+++ GIVEN INFORMATION

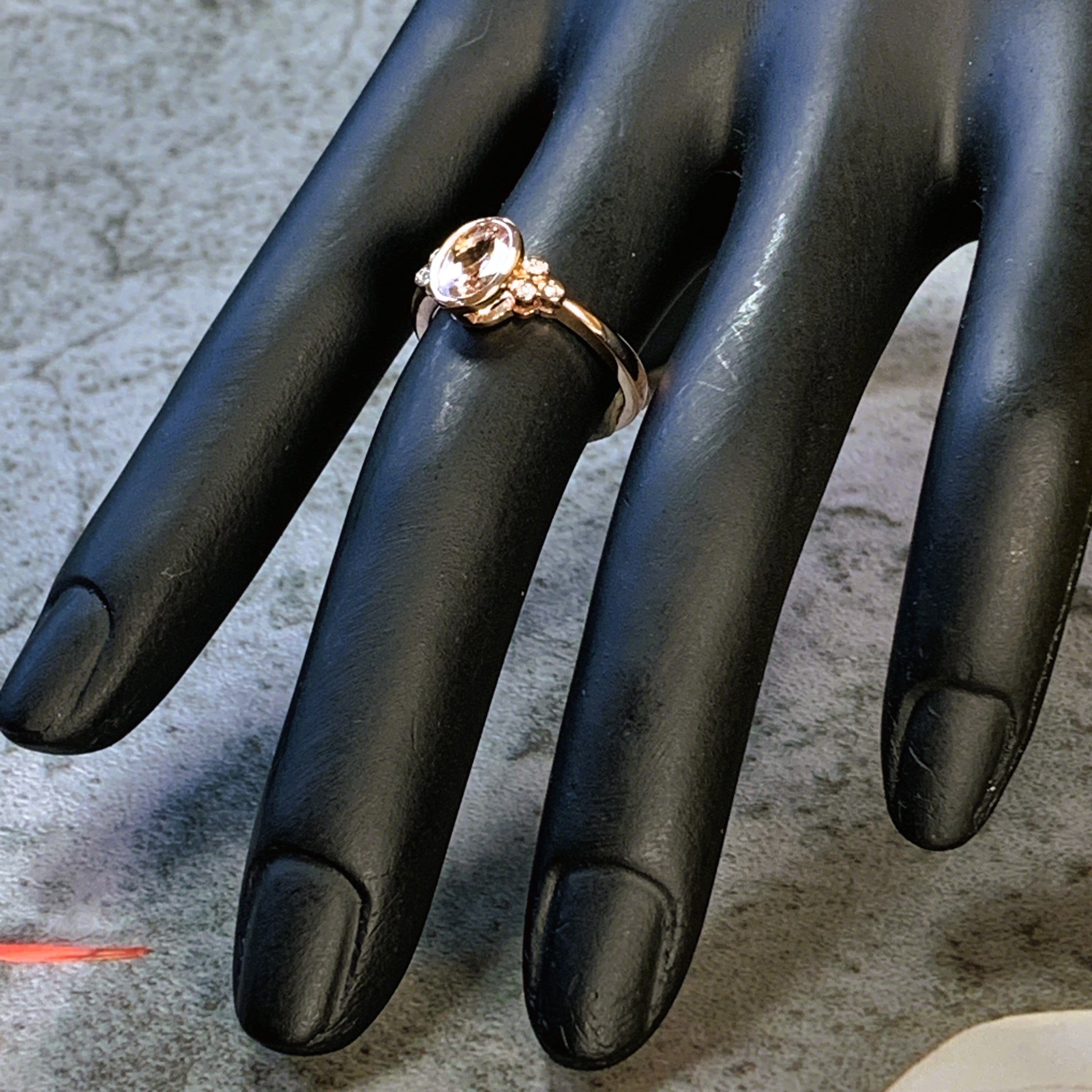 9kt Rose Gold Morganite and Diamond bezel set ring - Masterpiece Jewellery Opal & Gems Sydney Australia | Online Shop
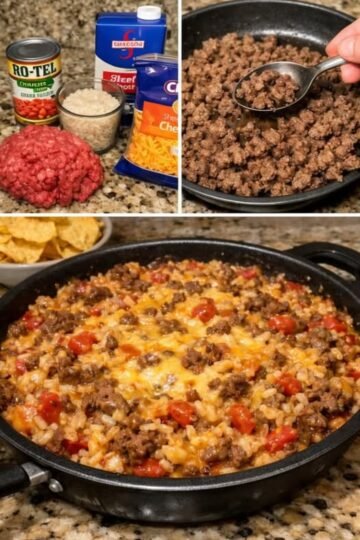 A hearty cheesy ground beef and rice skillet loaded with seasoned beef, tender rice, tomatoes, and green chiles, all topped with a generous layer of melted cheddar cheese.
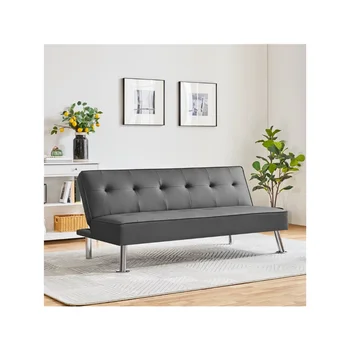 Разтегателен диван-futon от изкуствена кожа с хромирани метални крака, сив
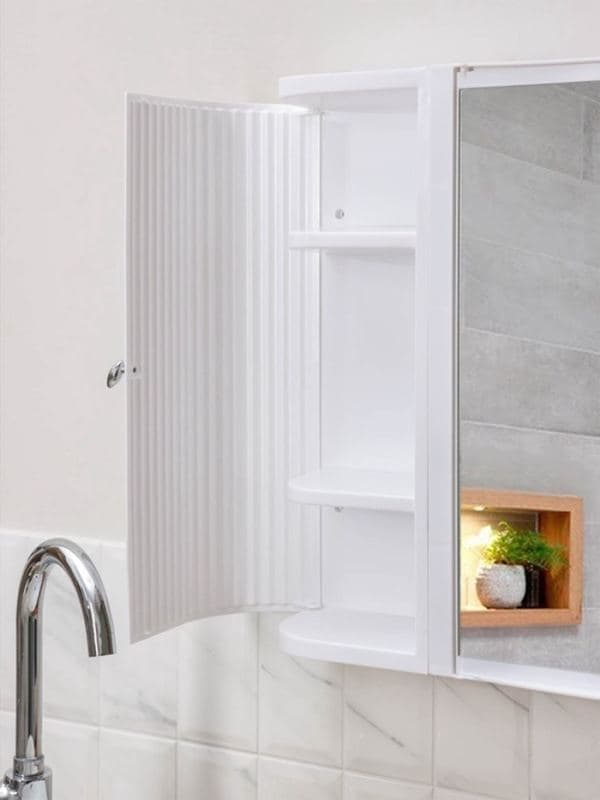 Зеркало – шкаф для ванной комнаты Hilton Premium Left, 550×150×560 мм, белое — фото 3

++++++

TASK GOAL:
What is needed is the full material, retyped unchanged, with no pictures in it.

RESPONSE AREA:
 9kt Rose Gold Morganite and Diamond bezel set ring - Masterpiece Jewellery Opal & Gems Sydney Australia | Online Shop
 A hearty cheesy ground beef and rice skillet loaded with seasoned beef, tender rice, tomatoes, and green chiles, all topped with a generous layer of melted cheddar cheese.
 Разтегателен диван-futon от изкуствена кожа с хромирани метални крака, сив
 Зеркало – шкаф для ванной комнаты Hilton Premium Left, 550×150×560 мм, белое — фото 3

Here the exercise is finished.